For this context’s purposes, only Acquire Information is relevant and the remainder beyond scope. Reiterating, the key is the diagram’s nucleus: acquiring (defensive) information. Thus, and tantamount to attacker reconnaissance, a cyber program’s effectiveness is necessarily bolstered by leveraging valuable information—ideally placing an attacker at an information disadvantage. But, valuable defensive information may be analogous to panning for gold and enterprises therefore may be deficient.

Acquisition of Valuable Knowledge
Acquisition of cyber defense information is nearly impossible to avoid. Headlined attacks and vulnerabilities, product and service pressure, feeds, inboxes, and myriad other sources are both the iceberg’s tip and the proverbial “firehose”.
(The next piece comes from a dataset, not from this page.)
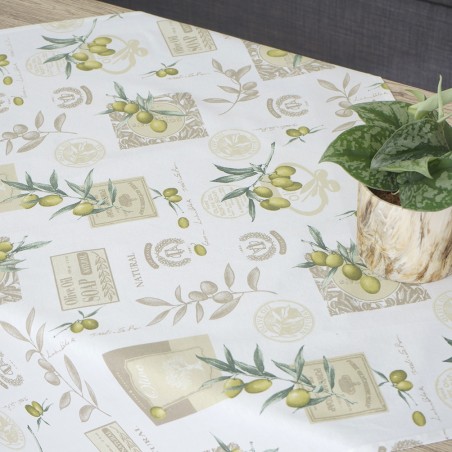 Καρέ Dimeco 85x85 5310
Consequently, acquisition of valuable information, and to risk potential understatement, may be daunting. For example, information may be contradictory, redundant, speculative, employ unfamiliar terminology, or simply not be especially informative and therefore of little value (CrowdStrike alludes to this in their whitepaper Faster Response with CrowdStrike and MITRE ATT&CK, namely “In Desperate Need for a Common Framework” on page 3. Particularly compelling may be their examples of standardized nomenclature). However, while a common framework and language are certainly critical, by themselves they are not complete for information categorization, vetting, and curation, nor sufficiently valuable to influence meaningful action.

“Panning for Gold”
The graphic below presents cyber defense information intake, including vetting and curation, and categorizing both external (“Cyber Terrain”, i.e., the “firehose”) and organizational-level information (“Organization”). It’s not intended to in any way be instructional or comprehensive, only illustrative:

Cyber Program Parity
“Cyber program parity” refers to a state whereby an organization’s cybersecurity program operationally parallels other critical segments, like finance, sales, compliance, operations, etc. that are mature and thus accompanied by established processes ultimately flowing information to senior-most leadership. However, and at present, this may be the exception for cyber programs—for example, cyber program proliferation is relatively new, plus the subject matter remains fairly esoteric.

Information Gap
Until these and likely other factors adjust, although leadership is undeniably aware of cyber threats’ increasing risk, elevated concern cited by market research suggests information gaps and, therefore, potential lack of cyber program parity. Consider the following and how its content could change as defense information’s value increases (or decreases):

As a result, rationalizing bridging an information and parity gap may not be terribly difficult–after all, it’s just panning for gold…

Final Thoughts (Summary)

Parity Gap

  • In best cases, organizations have mature, refined, and enforced cyber programs.
  • Yet leadership concern understandably remains elevated. (See Sophos’ The State of Ransomware 2021, notably critical sector attacks where one may fairly presume defensive resilience.)
  • Leadership may be unaware of or question program details. (Consider, for example, insurance reliance. One need not be a cyber practitioner to conclude that this is a flawed strategy; policy binders do not prevent loss.)
  • Regardless, leadership may not be receiving vetted, curated, and, ultimately, reliable information.

Narrowing the Gap Must:

  • Ensure cyber defense is in all aspects managed logically the same as any other business-critical segment.
  • Regularly convey vetted, curated, and reliable information to leadership.
  • Be integral to the complete cyber program.
  • Measurably improve cyber optics and decisions and relieve concern to focus elsewhere.